Thanks to all who encouraged me and I will keep you posted with my progress.

cheers

rayvonn


----------



## toxo (Mar 11, 2008)

Nytol said:


> Depends on the Federation, if you were lifting equipped or raw.
> 
> Have a look on http://www.powerliftinguk.co.uk/
> 
> ...


and me:lift:


----------



## chris jenkins (Aug 14, 2004)

Porky Pie said:


> Short answer - you wouldn't disgrace yourself with 220kgs squat / 140 kgs bench / 250kgs deadlift.
> 
> Long answer - There are the competition totals published on the net these days, so you'd be able to make direct comparisons. The main British Feds are BWLA, BPC and BPO and finally BDFPA
> 
> ...


good post Dai


----------



## genan (Jul 19, 2007)

rayvonn said:


> Hi all,
> 
> Started powerlifting in janurary and im going to have my first comp in april problably will get something like 170 squat 120 bench 210 deadlift so around 500k total.
> 
> ...


bud can I ask you about your training? how long, how many reps, what exercises?


----------



## rayvonn (Nov 17, 2005)

Just trained squats and trainer got me to do singles to see where i am.

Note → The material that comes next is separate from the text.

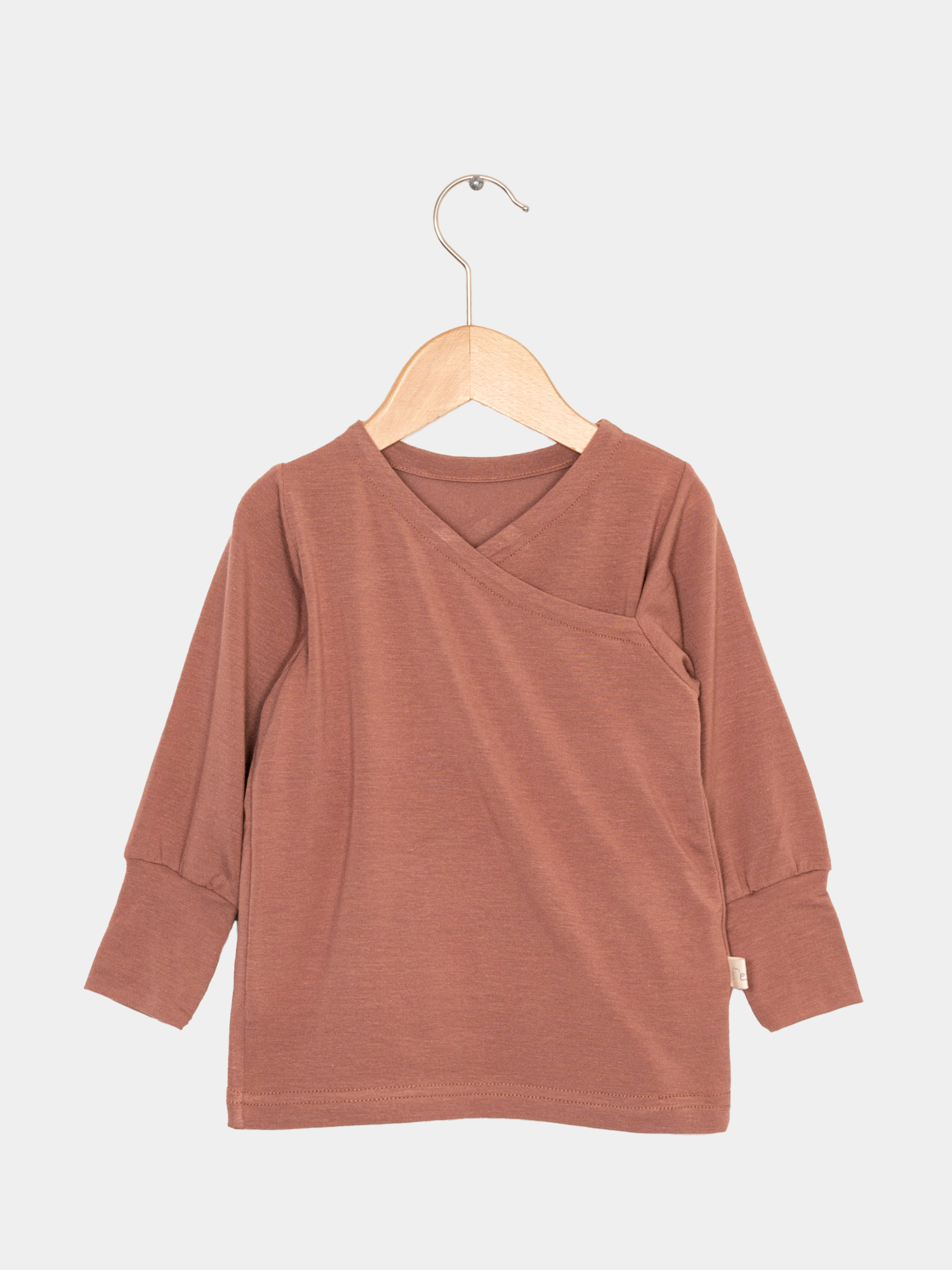 Wickelshirt aus Kaschmir-Mix - Zimt, präsentiert auf einem Holz-Schwinger. Kuschelweich, elastisch, atmungsaktiv, ideal als Shirt oder Unterhemd für Kinder.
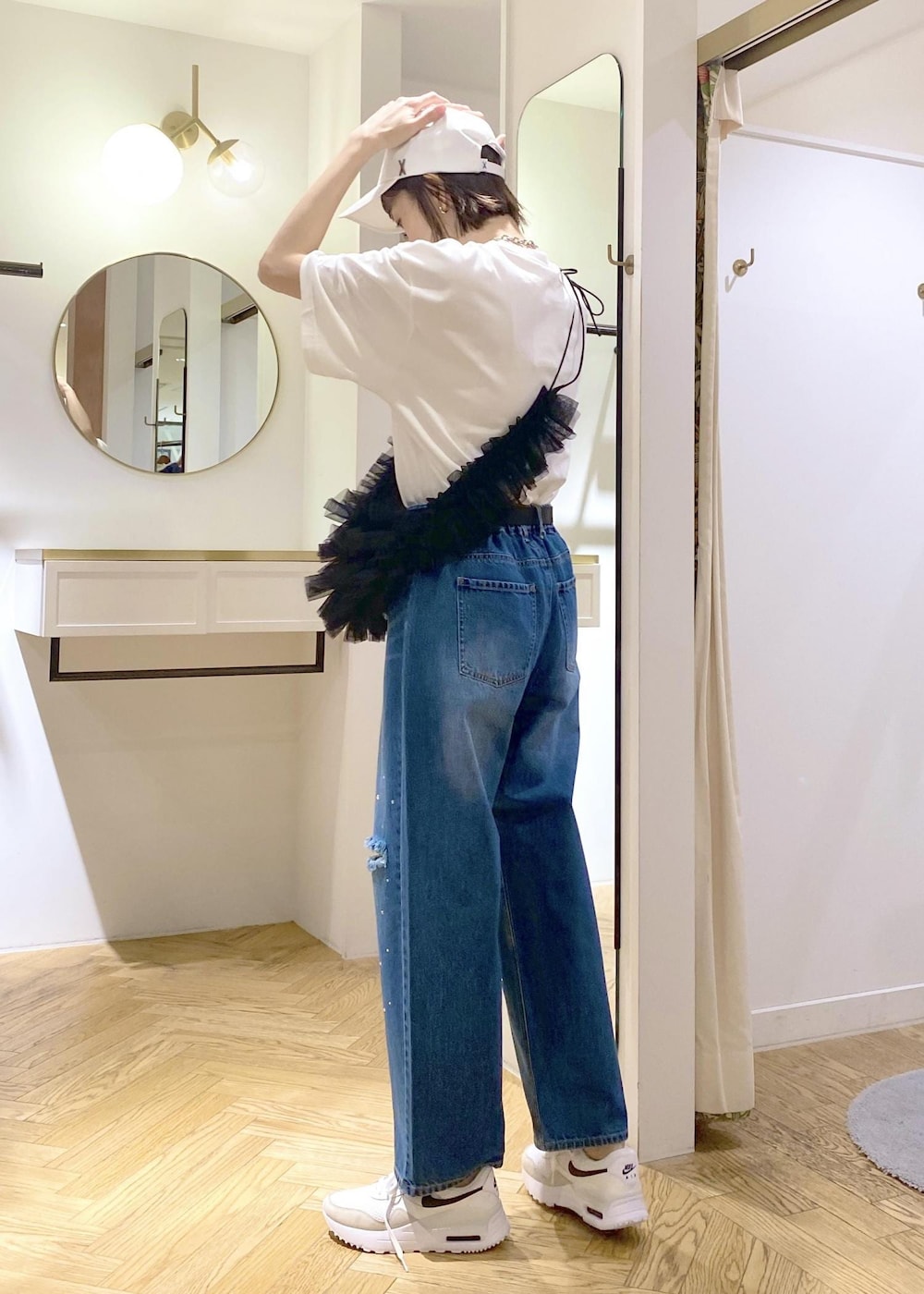 ブルー系のデニムパンツ、ブラック系のショルダーバッグ、ホワイト系のTシャツ/カットソーを着用したレディースの春コーディネートの2枚目の写真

Never squatted a single before lol and most ive trained up to is 140k 3x3.

Did single at 145k then 165k then put 185k and squatted that to depth using commands was pleased as never thought id be getting this kind of weight yet.

Training is simple at mo just doing the three lifts working up to 3x3 at about 80%. Although been doing assistance excercises but knocked them on the head now leading up to comp.

cheers

ash


----------



## rayvonn (Nov 17, 2005)

Hi all,

Lifted in first PL comp today and won my weight category 100k seniors.

Totalled 500k with 185k squat, 115k bench and 200k deadlift, all lifts were quite comfortable but wanted 9 good lifts which i got with no red lights at all.

The day was an amazing experience and the adrenalin on the platform is incredible, with a great camaraderie amongst all lifters.

Around 20 lifters competed, with lots of spectators and support was great for all lifters.

Overall was a great day and for anyone considering powerlifting id say get to your nearest comp and give it a go you wont regret it.

cheers:beer1:

ash


----------



## wogihao (Jun 15, 2007)

Congratulations on your first comp and win! :lift:


----------



## rayvonn (Nov 17, 2005)

cheers mate


----------



## am1ev1l (Feb 25, 2008)

rayvonn said:


> Hi all,
> 
> Lifted in first PL comp today and won my weight category 100k seniors.
> 
> ...


Hey well done ash, congratulations. That's very interesting - say for a 100kg lifter, what would is the maximum you've seen or know of for the 3 lifts? Do they drug test in the PL comps?


----------



## Porky Pie (Aug 2, 2007)

am1ev1l said:


> Hey well done ash, congratulations. That's very interesting - say for a 100kg lifter, what would is the maximum you've seen or know of for the 3 lifts? Do they drug test in the PL comps?


There are two main Feds that drug test - BWLA and BDFPA. Its accepted that if you are not drug free, you shouldn't be lifting in these Feds. You'll be caught and banned pretty quickly if you do.

The two "non tested" Feds are BPC and the smaller BPO. Neither of these Feds test, so you can compete geared up to the eye balls if you want. Saying that, there are a few lifters who are clean who choose to compete in these Feds because of politics and the like.


----------



## on_the_up! (Jul 13, 2006)

rayvonn said:


> Training is simple at mo just doing the three lifts working up to 3x3 at about 80%. Although been doing assistance excercises but knocked them on the head now leading up to comp.


Hi Ash,

Just stumbled upon this thread...

Good read, and some impressive lifts there dude!! Nice one 

Quick question re: training..

Do you just do each of the 3 lifts 1x a week, building up to 3 sets of 3 ? Is that the best way to improve at the 'big 3' lifts?

I am interested in getting into powerlifting, with a vue to competing at some point in the not to distant future..! So am looking at increasing my lifts as quickly and efficiently as possible.

Sorry to resurrect an old thread, but it seemed to cover what I am looking for.

Cheers


----------